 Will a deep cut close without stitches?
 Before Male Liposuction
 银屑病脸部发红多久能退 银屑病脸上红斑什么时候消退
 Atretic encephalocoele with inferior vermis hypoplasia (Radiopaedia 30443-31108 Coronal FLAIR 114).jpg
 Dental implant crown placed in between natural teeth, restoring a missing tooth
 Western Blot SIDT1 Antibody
==
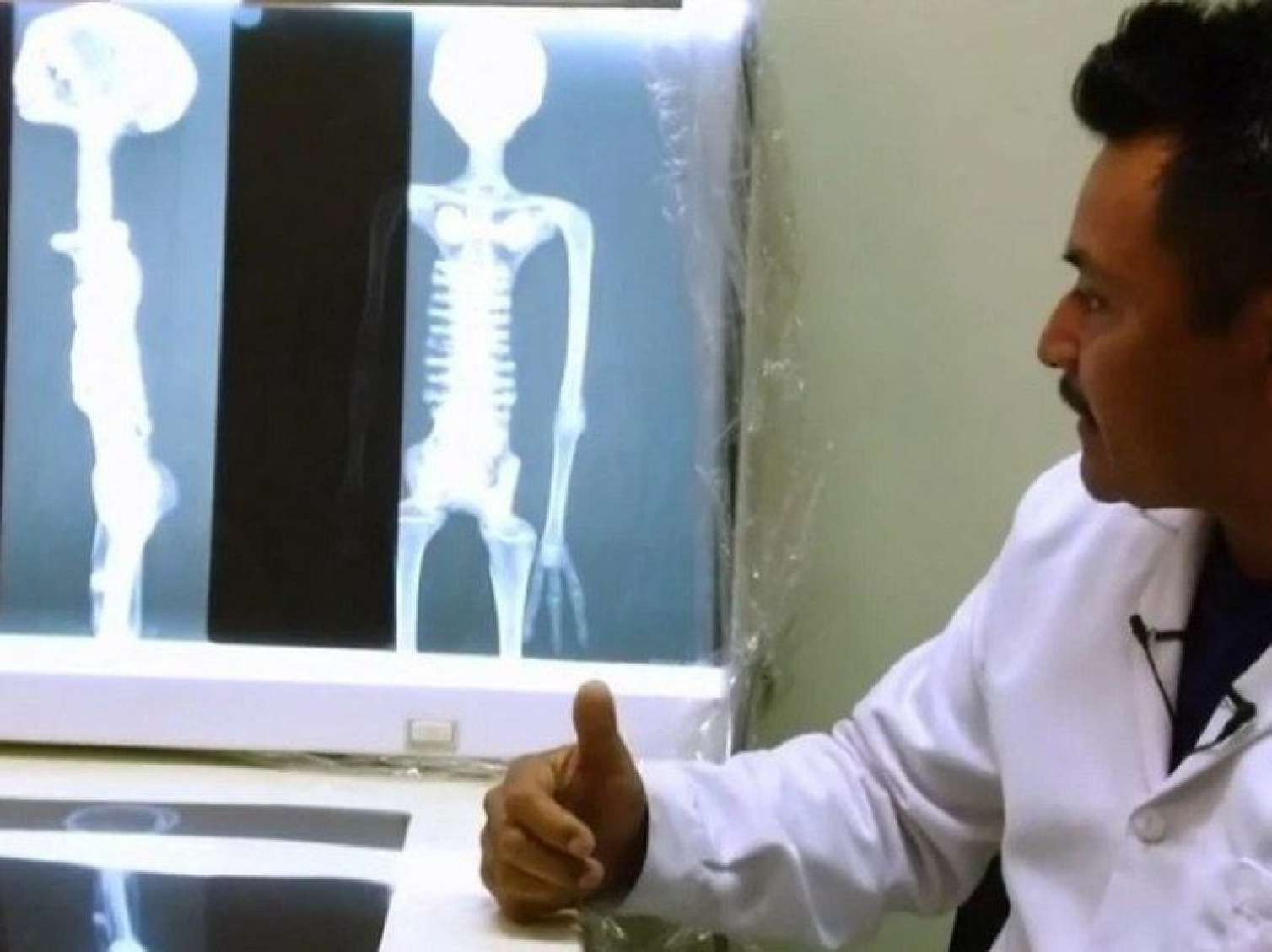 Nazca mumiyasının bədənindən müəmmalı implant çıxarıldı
* * *
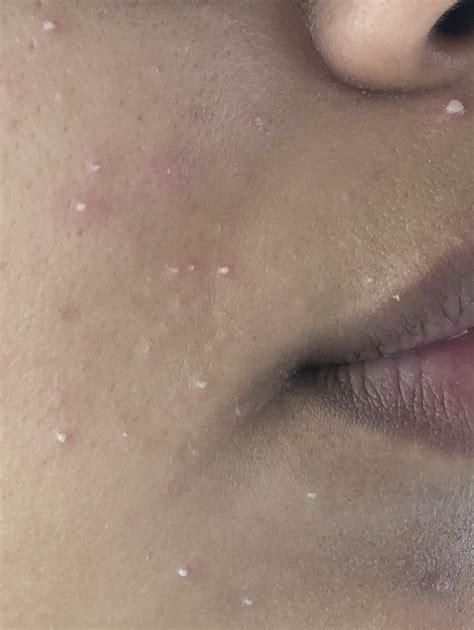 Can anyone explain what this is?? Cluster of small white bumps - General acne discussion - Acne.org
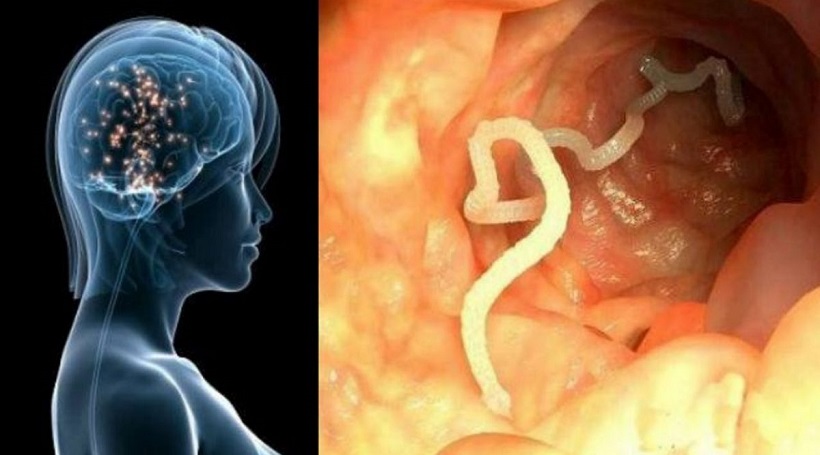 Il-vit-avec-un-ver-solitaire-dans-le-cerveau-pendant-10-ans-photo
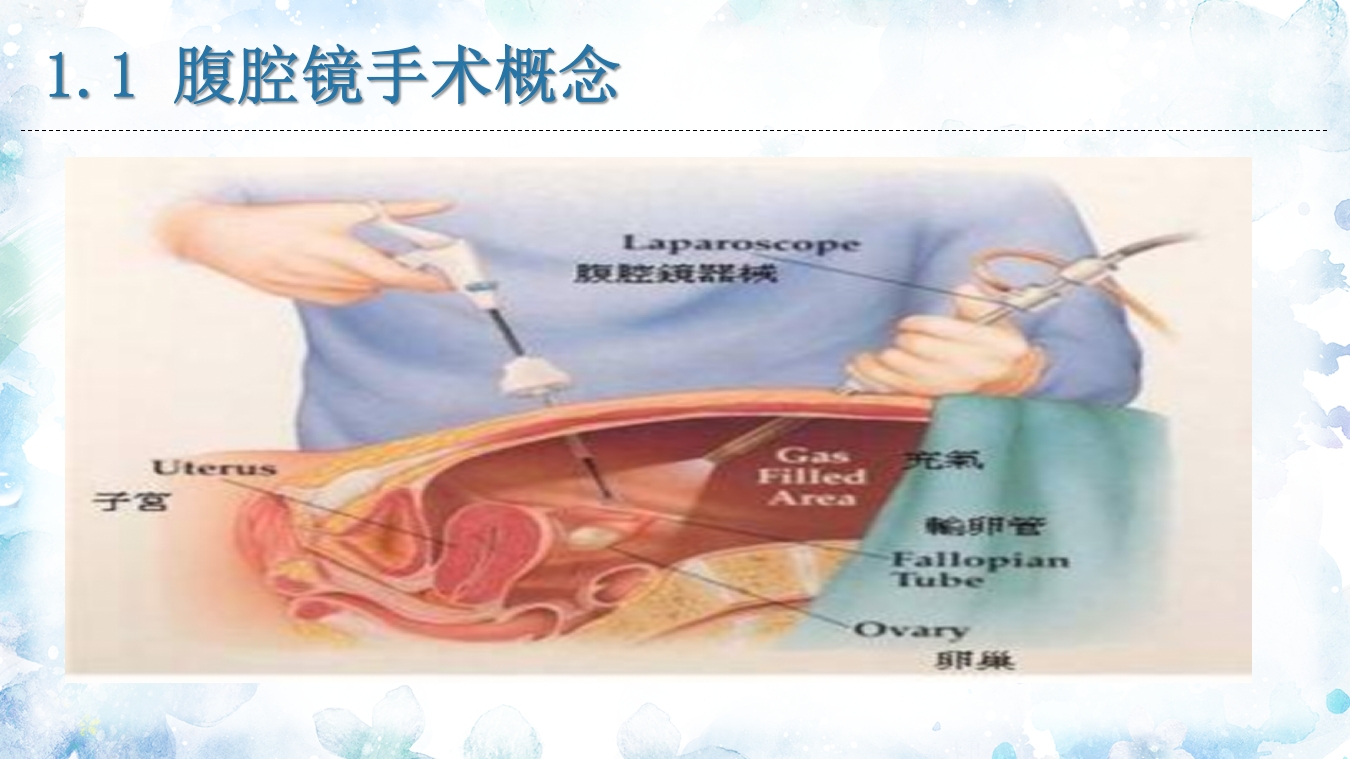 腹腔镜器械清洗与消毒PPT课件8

### What you are asked to do
Using the entries above, repeat only the lines from the one containing "Will a deep cut close without stitches?" through the one containing "Dental implant crown", end lines included.

### Your solution
 Will a deep cut close without stitches?
 Before Male Liposuction
 银屑病脸部发红多久能退 银屑病脸上红斑什么时候消退
 Atretic encephalocoele with inferior vermis hypoplasia (Radiopaedia 30443-31108 Coronal FLAIR 114).jpg
 Dental implant crown placed in between natural teeth, restoring a missing tooth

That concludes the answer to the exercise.